WHAT YOU HAVE TO DO
In this exercise, return only the lines that run from the line with "this 650×366 image." to the end of the entries below, both included. Pictures are not copied.

......

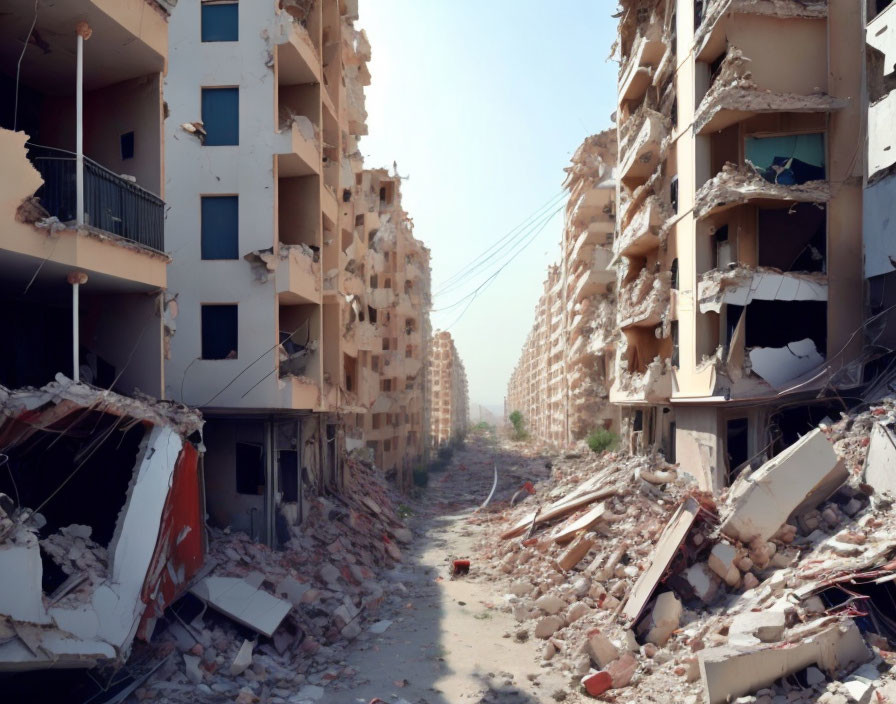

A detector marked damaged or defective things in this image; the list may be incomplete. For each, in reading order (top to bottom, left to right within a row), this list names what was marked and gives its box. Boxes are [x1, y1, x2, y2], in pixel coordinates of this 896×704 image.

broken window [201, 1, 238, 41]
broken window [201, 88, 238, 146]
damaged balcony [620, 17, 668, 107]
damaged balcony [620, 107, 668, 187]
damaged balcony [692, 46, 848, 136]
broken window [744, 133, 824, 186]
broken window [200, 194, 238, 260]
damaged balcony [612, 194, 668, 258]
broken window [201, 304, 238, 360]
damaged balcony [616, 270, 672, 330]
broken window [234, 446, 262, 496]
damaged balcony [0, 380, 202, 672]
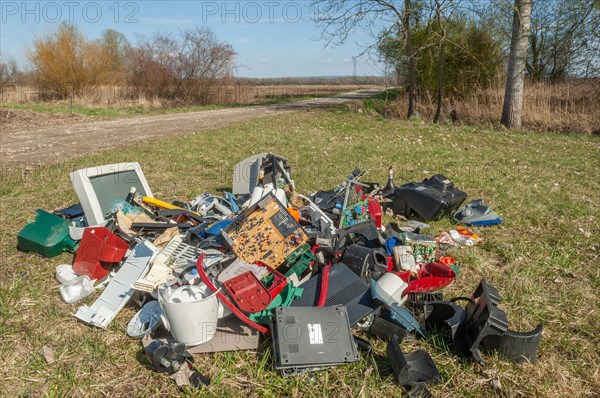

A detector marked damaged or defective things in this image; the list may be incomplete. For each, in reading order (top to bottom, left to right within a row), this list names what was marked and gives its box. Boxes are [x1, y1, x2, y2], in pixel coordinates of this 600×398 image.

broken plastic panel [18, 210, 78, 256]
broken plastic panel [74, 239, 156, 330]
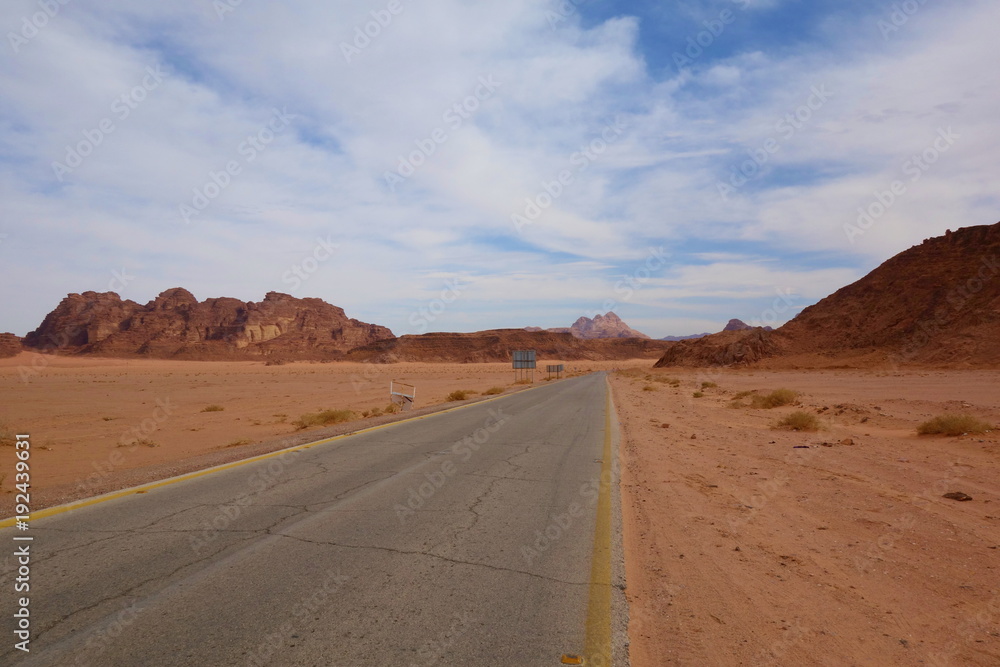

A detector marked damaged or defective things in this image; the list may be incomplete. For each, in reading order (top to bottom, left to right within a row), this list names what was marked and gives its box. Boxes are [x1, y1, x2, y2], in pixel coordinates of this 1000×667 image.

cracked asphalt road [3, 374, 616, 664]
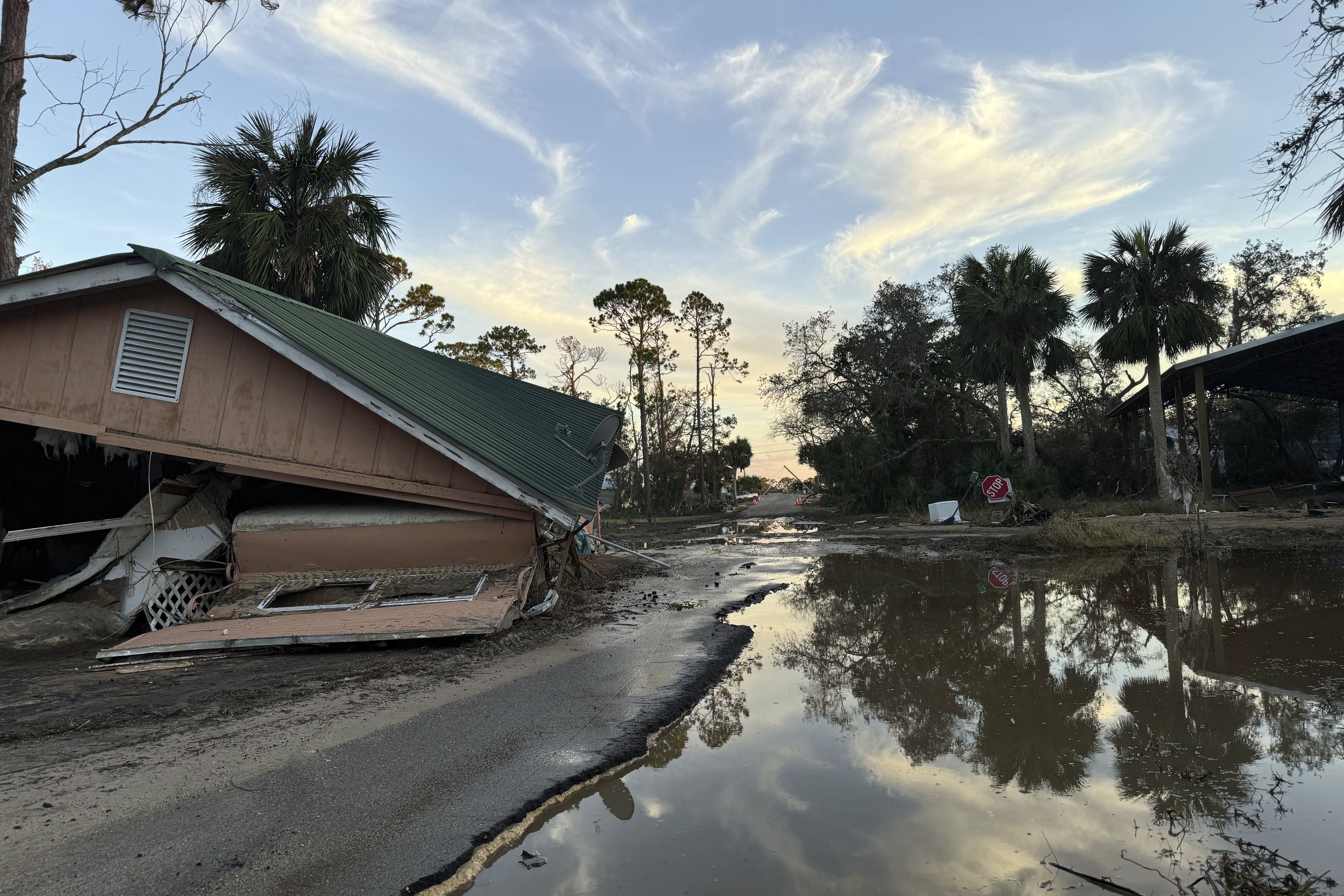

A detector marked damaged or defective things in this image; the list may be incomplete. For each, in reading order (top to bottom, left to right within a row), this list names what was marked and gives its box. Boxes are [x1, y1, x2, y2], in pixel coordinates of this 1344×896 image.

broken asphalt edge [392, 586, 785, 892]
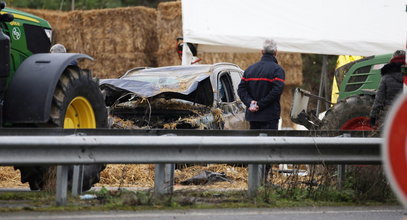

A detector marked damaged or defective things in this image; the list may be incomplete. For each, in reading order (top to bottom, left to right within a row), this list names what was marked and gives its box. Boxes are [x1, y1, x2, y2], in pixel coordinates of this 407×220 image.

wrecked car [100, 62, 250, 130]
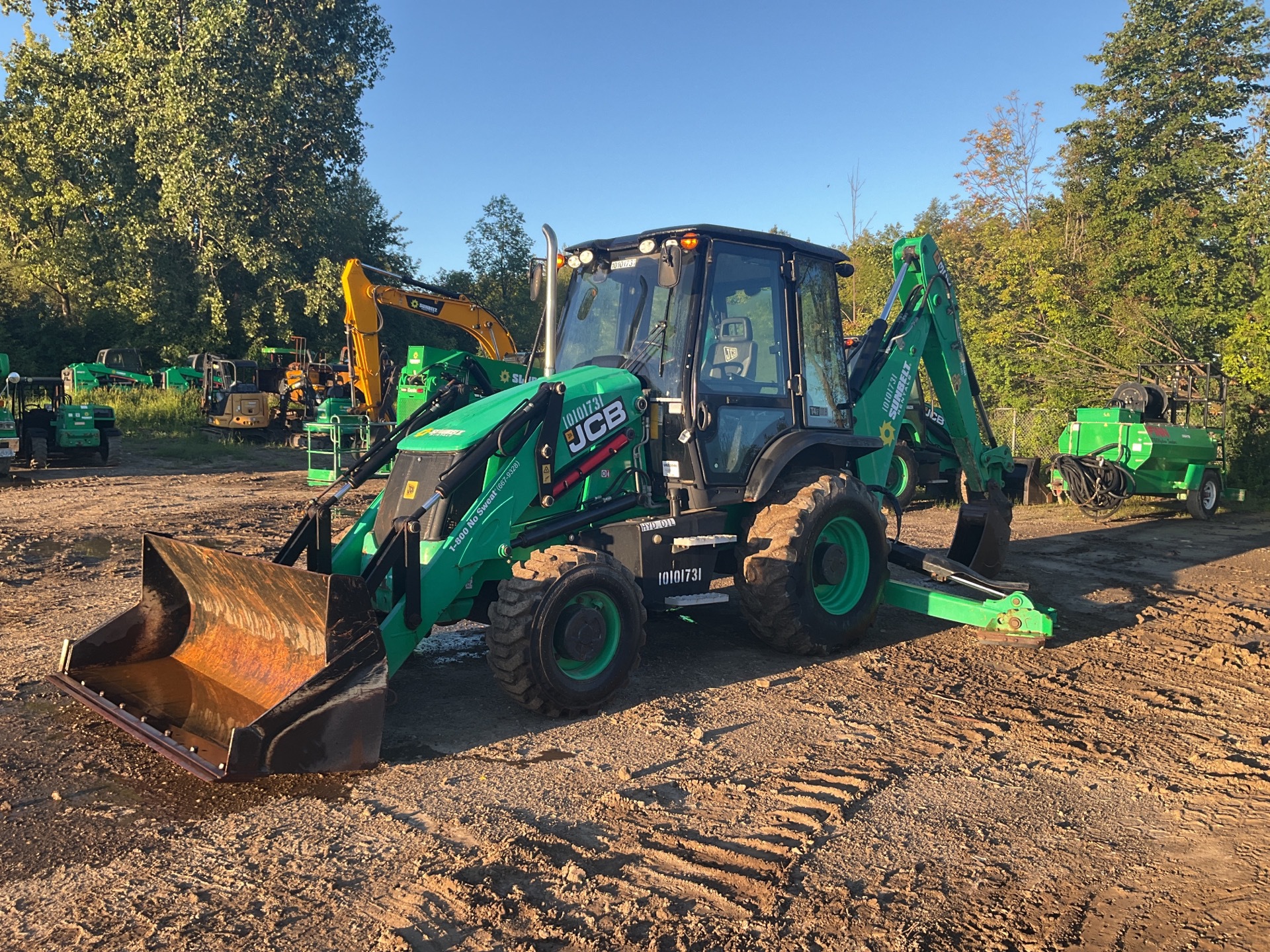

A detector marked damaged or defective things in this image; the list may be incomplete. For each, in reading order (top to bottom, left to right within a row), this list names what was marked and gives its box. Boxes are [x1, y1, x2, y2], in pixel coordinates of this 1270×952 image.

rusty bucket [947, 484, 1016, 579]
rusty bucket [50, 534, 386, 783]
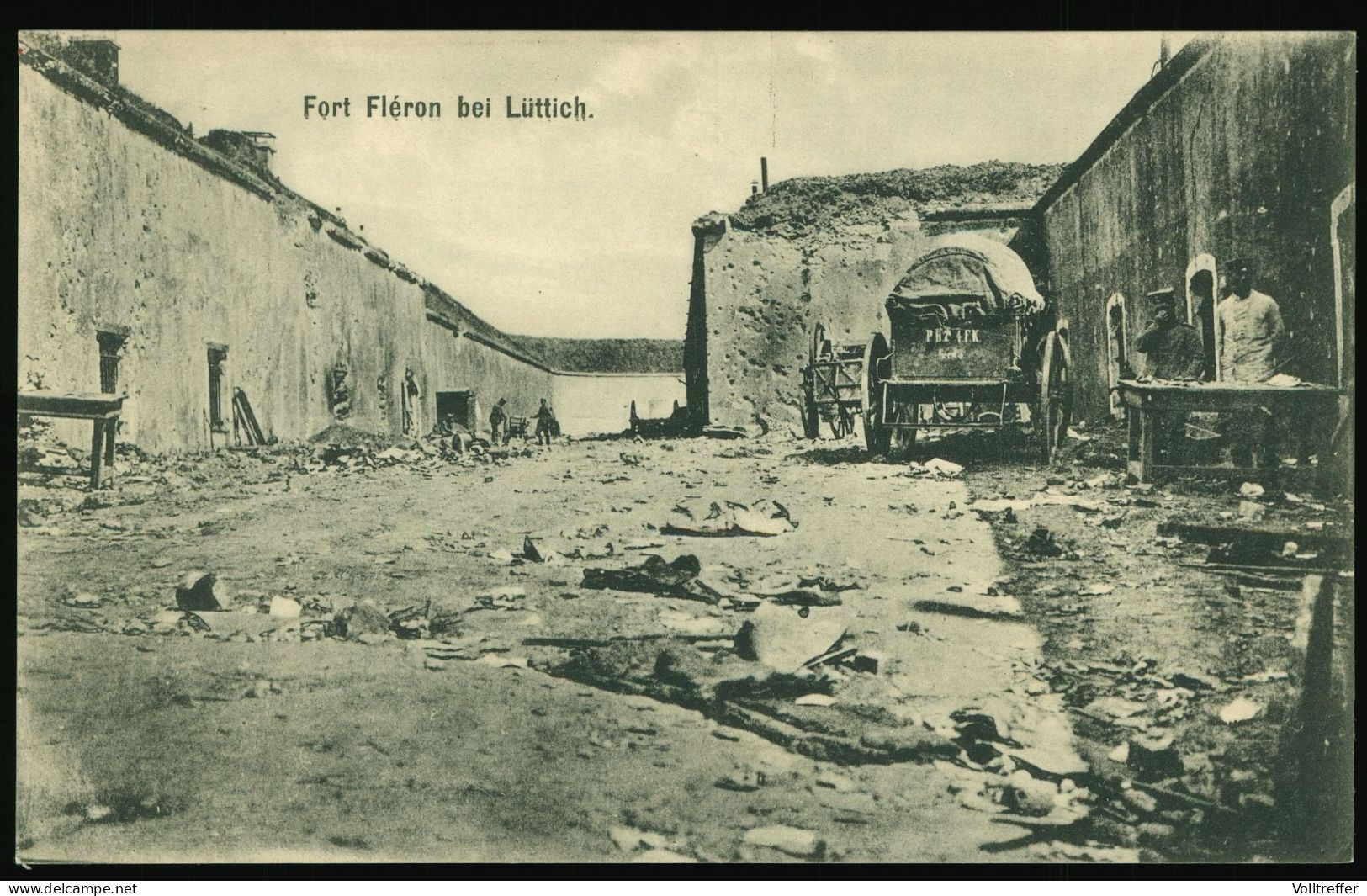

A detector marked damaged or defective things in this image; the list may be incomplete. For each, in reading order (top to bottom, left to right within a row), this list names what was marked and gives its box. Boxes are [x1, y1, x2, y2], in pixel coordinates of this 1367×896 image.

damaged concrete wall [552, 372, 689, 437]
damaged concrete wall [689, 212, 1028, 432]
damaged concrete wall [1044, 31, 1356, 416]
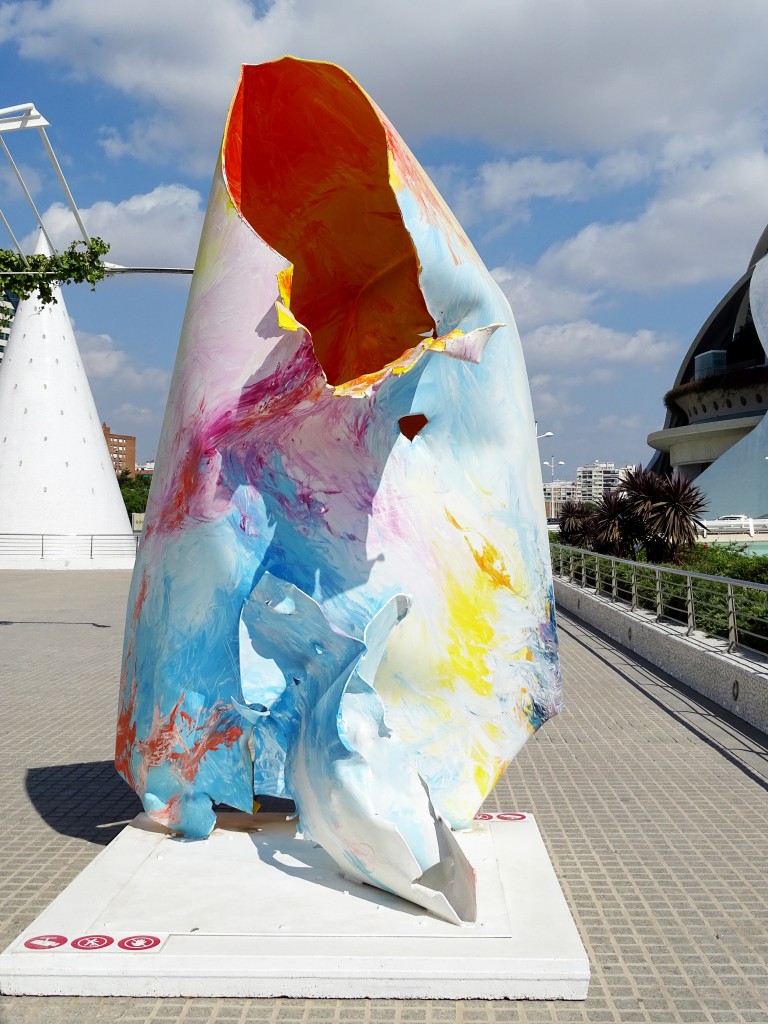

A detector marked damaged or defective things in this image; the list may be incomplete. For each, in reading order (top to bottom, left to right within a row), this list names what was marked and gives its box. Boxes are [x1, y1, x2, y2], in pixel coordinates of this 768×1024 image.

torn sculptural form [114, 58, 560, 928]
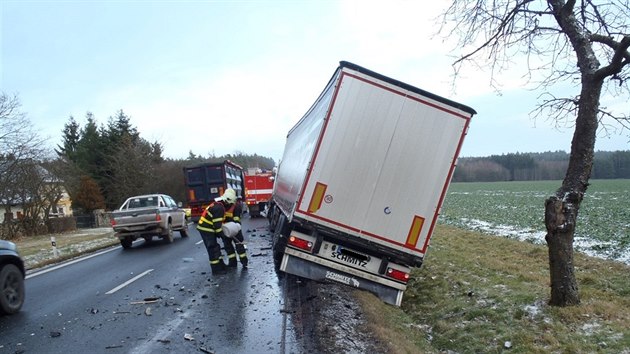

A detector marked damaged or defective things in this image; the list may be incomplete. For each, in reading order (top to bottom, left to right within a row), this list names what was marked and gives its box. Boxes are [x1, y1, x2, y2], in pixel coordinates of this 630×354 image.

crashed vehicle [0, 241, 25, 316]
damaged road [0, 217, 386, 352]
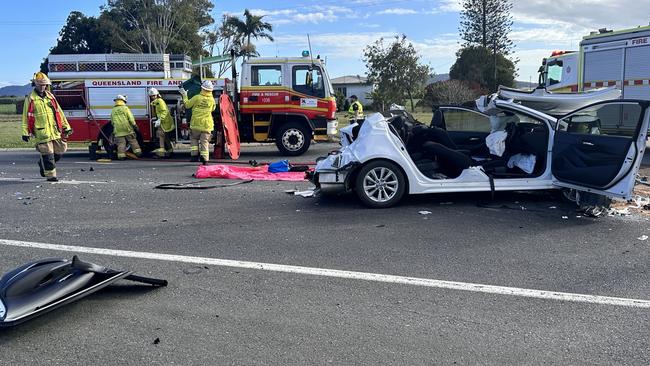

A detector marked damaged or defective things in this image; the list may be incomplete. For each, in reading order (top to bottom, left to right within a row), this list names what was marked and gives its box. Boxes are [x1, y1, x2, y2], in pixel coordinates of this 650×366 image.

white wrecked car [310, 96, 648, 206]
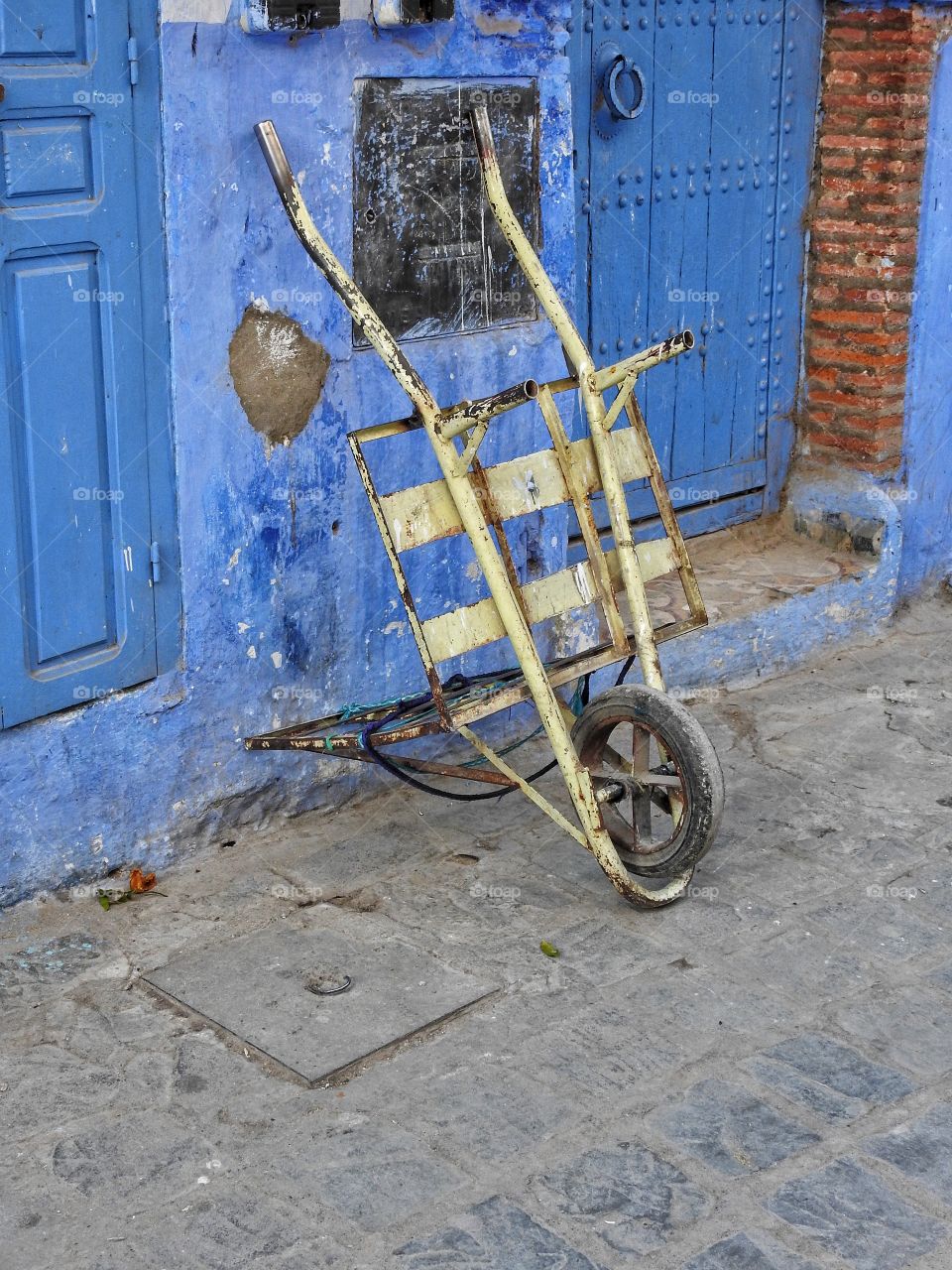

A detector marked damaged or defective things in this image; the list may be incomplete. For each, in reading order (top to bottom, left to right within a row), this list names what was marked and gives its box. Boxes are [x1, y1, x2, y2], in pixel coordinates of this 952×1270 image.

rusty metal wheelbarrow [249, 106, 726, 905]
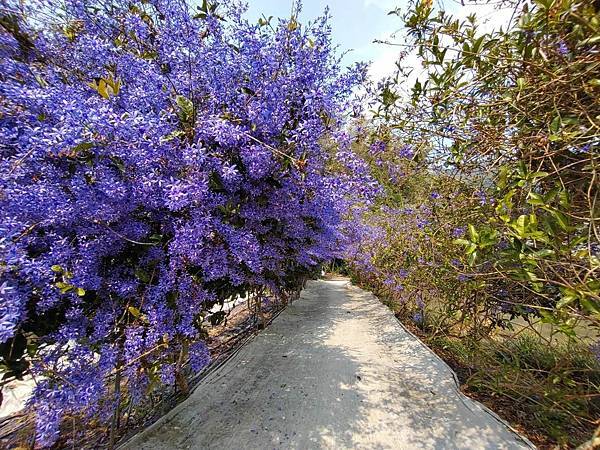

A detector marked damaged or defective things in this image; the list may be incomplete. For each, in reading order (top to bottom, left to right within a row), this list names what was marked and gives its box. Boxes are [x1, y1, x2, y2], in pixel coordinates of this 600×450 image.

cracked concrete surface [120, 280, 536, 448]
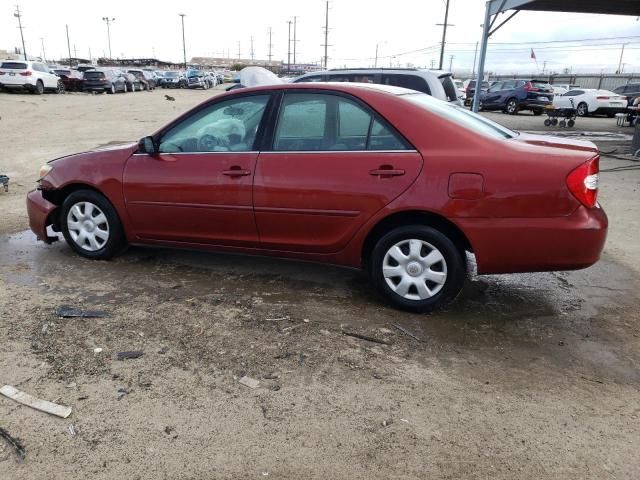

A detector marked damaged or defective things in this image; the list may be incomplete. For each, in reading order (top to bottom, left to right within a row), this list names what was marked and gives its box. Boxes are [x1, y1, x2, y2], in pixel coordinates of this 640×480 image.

......

THE ANSWER
A detector marked damaged or defective things in this image; the list may be incomplete. For each, in reading order (top to bottom, left to right within a row), this list names what was marked and gives its box. Boxes are [x1, y1, x2, y2], in pixel coordinates of this 650×366 image.

white wrecked car [310, 96, 648, 206]

A detector marked damaged or defective things in this image; the list may be incomplete. For each, in reading order (top to bottom, left to right within a row), this list names what was marked and gives its box. Boxes are [x1, y1, x2, y2], in pixel coordinates of this 952×1270 image.

rusty metal wheelbarrow [249, 106, 726, 905]

A detector marked damaged or defective things in this image; the list may be incomplete. For each, in reading order (top to bottom, left to right within a row), this list names what was marked and gives its box. Boxes are [x1, y1, x2, y2], in pixel coordinates of this 600×450 image.

cracked concrete surface [120, 280, 536, 448]

A detector marked damaged or defective things in this image; the list may be incomplete. For each, in reading order (top to bottom, left to right within a row), this list names what was marked and gives its box. Boxes are [x1, y1, x2, y2], in pixel coordinates of this 640×480 image.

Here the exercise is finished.